# macbook + alesis multimix 8 usb starting out



## Andrewskaterrr (Sep 9, 2009)

ok, when it comes to computers and stuff, im not stupid, but for some reason i've been having trouble getting REW to work :gah:

this is what i have set up
macbook -> alesis multimix 8 usb via usb -> control room out going to amp and then to speakers
i just bought the dbx rta mic and have that hooked up
when i run the test i get no signal
1. yes i have my settings on usb output and input
2. phantom power is on
3. when i tap on the mic i can hear it through the speakers
4. if i turn the mic up i get feedback
5. mic is positioned where my head is theoretically
6. i have the calibration file for my mic loaded to the "soundcard"
7. spl meter cal file is in 'mic/meter'

any ideas why im getting no input? 
and also, where do i plug my spl meter in? the rca "two track" input? i get feedback there too :explode:


----------



## Andrewskaterrr (Sep 9, 2009)

ok the problem is REW is not registering my usb input. garage band does and everything else, except REW


----------



## Andrewskaterrr (Sep 9, 2009)

oh and im running snow leopard 10.6


----------



## brucek (Apr 11, 2006)

> 3. when i tap on the mic i can hear it through the speakers
> 4. if i turn the mic up i get feedback


You have 'monitor' mode on in your soundcard - it must be off to run REW.

Did you start with the soundcard calibration routine (required). If so, did the routine work fine and create a proper calibration file that you then tested witha loopback cable for accuracy?

brucek


----------



## Andrewskaterrr (Sep 9, 2009)

i don't have a monitor mode on/off on my sound card. im using my alesis multimix 8 via usb for ins/outs. i don't know how i would set it up with the alesis


----------



## brucek (Apr 11, 2006)

> i don't have a monitor mode on/off on my sound card. im using my alesis multimix 8 via usb for ins/outs.

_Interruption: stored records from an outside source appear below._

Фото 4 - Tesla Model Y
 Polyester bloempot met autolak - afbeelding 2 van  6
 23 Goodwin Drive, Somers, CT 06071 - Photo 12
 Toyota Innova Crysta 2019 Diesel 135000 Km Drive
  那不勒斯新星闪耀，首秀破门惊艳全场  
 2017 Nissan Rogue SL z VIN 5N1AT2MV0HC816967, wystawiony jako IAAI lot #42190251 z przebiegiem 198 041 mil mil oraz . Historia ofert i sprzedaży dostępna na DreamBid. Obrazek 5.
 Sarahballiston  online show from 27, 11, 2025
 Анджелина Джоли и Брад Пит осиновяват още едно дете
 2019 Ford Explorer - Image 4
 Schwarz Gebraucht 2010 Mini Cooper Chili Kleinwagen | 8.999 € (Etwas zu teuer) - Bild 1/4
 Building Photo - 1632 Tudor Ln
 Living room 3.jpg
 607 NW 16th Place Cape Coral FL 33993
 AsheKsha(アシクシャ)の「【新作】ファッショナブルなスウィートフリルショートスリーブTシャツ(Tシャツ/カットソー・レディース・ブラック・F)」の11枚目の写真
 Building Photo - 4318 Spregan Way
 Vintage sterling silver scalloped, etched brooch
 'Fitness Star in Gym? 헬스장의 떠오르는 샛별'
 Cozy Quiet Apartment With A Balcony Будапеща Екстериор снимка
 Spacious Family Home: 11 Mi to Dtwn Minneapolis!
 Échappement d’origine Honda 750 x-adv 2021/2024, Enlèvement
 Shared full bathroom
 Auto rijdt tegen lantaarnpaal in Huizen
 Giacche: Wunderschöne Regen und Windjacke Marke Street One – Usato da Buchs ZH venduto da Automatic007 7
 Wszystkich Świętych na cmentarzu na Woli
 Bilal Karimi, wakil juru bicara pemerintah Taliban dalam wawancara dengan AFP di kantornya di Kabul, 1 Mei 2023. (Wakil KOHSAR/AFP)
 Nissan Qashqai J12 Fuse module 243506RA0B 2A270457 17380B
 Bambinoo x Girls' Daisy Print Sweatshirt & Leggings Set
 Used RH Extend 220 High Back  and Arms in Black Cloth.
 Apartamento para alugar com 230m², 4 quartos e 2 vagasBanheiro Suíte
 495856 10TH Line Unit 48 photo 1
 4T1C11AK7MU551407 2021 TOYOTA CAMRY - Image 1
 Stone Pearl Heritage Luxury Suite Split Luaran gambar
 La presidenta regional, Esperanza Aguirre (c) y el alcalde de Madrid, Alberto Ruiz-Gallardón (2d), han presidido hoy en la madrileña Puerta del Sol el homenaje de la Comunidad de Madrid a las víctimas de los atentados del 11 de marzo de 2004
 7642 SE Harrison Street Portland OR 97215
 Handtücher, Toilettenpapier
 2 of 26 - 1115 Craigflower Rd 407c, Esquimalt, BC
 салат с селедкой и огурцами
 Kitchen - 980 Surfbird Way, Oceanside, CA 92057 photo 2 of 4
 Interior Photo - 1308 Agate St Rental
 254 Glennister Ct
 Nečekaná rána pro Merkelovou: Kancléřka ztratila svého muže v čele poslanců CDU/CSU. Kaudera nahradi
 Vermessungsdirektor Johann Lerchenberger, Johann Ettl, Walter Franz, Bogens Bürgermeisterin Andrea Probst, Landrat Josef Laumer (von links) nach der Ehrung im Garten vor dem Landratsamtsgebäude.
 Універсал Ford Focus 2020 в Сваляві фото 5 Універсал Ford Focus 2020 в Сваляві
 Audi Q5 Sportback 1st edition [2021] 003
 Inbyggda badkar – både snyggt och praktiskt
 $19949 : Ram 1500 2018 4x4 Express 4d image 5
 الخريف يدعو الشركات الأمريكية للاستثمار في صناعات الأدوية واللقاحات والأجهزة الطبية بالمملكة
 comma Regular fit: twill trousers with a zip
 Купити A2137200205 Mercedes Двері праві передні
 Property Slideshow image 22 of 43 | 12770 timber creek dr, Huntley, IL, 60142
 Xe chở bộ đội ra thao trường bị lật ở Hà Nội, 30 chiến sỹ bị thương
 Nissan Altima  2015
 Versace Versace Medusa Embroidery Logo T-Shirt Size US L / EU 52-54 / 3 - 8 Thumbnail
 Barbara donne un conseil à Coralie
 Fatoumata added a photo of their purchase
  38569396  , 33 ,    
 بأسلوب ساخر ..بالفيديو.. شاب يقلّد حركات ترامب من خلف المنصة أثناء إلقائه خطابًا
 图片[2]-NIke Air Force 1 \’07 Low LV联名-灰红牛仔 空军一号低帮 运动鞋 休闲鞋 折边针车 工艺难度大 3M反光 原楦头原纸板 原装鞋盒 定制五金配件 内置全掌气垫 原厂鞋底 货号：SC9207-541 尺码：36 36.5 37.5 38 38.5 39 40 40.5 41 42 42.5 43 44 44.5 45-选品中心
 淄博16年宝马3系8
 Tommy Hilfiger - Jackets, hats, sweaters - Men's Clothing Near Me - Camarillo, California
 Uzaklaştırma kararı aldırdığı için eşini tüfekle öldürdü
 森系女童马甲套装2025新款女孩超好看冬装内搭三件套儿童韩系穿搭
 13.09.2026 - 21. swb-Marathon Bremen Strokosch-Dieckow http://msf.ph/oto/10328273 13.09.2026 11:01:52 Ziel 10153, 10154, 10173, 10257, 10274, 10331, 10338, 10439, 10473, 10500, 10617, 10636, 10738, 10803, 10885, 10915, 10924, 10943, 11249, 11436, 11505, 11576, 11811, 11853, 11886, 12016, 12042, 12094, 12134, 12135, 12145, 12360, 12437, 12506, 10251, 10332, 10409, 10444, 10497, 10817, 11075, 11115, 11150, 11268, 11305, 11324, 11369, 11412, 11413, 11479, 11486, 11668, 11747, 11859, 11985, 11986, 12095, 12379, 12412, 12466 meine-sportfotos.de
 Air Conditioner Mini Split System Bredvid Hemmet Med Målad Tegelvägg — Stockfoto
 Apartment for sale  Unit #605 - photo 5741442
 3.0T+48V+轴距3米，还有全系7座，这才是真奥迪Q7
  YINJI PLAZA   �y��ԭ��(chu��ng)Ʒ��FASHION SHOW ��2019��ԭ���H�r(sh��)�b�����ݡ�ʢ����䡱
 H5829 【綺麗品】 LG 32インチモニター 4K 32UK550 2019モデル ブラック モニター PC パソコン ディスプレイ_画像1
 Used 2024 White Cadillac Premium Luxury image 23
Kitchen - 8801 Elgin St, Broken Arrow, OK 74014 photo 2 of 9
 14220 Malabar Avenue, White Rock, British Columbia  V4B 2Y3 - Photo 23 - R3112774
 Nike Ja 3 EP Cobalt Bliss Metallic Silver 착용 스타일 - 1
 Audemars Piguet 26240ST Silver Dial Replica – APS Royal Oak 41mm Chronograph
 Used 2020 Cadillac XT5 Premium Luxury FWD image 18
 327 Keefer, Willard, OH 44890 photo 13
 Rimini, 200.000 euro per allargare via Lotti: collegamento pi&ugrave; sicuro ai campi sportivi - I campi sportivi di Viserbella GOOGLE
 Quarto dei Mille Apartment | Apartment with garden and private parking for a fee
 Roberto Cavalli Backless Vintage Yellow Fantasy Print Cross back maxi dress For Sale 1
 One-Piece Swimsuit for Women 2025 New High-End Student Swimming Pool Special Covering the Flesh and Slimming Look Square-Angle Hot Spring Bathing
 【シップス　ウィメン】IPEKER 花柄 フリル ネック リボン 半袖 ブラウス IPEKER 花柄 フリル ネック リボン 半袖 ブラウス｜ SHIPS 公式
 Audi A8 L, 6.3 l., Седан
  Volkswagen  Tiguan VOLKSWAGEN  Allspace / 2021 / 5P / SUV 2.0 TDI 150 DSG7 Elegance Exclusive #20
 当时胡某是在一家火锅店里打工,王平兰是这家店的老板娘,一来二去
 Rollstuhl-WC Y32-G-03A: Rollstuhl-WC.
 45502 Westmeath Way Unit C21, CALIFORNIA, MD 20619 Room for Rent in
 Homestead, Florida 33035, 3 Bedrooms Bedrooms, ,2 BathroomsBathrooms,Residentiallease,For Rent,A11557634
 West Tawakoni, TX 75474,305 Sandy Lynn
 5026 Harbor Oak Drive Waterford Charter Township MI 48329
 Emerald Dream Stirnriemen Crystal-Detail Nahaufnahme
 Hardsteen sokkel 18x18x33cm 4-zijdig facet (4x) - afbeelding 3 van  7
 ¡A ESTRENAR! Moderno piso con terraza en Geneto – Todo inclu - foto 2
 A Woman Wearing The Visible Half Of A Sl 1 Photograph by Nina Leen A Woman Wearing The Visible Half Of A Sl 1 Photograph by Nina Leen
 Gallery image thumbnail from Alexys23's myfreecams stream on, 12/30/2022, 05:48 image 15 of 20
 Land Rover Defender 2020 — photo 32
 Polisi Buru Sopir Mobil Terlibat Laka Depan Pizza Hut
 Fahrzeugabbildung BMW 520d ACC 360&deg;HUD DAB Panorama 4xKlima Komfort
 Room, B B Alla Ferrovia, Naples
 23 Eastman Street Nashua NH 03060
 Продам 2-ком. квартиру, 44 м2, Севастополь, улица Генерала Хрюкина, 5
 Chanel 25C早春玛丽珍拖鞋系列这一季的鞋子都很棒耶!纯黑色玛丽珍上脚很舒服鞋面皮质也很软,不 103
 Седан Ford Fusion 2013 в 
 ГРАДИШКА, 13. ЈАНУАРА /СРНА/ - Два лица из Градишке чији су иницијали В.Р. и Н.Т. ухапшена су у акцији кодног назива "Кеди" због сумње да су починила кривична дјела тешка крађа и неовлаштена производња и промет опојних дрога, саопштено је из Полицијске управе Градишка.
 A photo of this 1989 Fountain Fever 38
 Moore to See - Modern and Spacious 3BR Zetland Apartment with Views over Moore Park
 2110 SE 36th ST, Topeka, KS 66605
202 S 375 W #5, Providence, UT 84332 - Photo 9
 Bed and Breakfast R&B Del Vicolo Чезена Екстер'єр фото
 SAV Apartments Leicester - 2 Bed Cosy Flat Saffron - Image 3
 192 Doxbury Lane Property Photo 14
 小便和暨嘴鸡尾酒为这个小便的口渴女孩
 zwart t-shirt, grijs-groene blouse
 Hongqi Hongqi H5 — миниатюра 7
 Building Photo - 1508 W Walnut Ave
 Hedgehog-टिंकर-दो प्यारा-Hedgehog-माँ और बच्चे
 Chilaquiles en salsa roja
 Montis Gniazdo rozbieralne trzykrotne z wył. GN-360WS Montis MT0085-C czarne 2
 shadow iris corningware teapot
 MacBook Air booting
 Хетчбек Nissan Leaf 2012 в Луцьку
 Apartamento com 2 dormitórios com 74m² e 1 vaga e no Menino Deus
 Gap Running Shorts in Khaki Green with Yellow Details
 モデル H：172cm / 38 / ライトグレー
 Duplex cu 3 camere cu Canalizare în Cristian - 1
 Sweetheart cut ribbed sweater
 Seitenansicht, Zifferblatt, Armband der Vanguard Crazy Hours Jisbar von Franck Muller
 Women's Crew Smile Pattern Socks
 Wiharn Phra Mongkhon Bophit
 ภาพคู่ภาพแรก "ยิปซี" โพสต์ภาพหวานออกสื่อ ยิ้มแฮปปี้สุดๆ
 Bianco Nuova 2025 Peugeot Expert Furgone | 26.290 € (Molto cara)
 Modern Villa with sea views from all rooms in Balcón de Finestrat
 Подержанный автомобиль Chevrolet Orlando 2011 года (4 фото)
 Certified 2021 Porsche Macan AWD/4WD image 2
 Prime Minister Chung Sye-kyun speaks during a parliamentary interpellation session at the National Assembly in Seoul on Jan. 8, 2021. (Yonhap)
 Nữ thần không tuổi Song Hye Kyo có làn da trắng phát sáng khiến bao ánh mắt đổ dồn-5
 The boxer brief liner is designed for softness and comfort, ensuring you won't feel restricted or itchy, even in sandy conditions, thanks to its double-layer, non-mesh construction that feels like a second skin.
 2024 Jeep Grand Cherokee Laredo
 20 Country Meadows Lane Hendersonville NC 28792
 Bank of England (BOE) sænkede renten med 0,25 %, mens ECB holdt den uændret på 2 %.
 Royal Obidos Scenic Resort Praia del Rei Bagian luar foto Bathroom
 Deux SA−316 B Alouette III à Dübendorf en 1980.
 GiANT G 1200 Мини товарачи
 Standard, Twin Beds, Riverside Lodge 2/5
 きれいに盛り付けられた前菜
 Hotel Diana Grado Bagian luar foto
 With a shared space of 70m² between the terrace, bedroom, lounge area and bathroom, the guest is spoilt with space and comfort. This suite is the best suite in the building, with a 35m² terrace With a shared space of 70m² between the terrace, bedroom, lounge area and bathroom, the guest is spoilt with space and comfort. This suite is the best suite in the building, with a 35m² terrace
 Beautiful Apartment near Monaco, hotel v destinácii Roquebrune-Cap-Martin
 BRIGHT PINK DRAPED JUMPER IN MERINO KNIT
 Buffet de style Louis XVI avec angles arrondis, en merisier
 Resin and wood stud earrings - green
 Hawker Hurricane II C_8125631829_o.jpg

I realize you're using the alesis - I call that a soundcard. 

When you hear the mic as you speak into it, it means monitor is on. The end result is that the Playback Mixer in Windows has line-in enabled. Only the Record Mixer should have line-in enabled when using REW. You can check that and disable it directly in Widows if your Alesis doesn't have a specific monitor mode (although all soundcards do have it so that people can listen to CD's as they record them)...

brucek


----------



## Andrewskaterrr (Sep 9, 2009)

Ok, just making sure that's what you meant. The thing is I'm using mac osx snow leopard. When I turn the "control room send" off it doesn't send any signal at all to the computer. I'll try to post a picture when I get home
_Posted via Mobile Device_


----------



## Andrewskaterrr (Sep 9, 2009)

ok here's what it look like


















i have the 'control room out' 1/4'' plugs going to my amp
at all times the mic goes through my speakers unless i hit off the 'mix to control room' button
any ideas


----------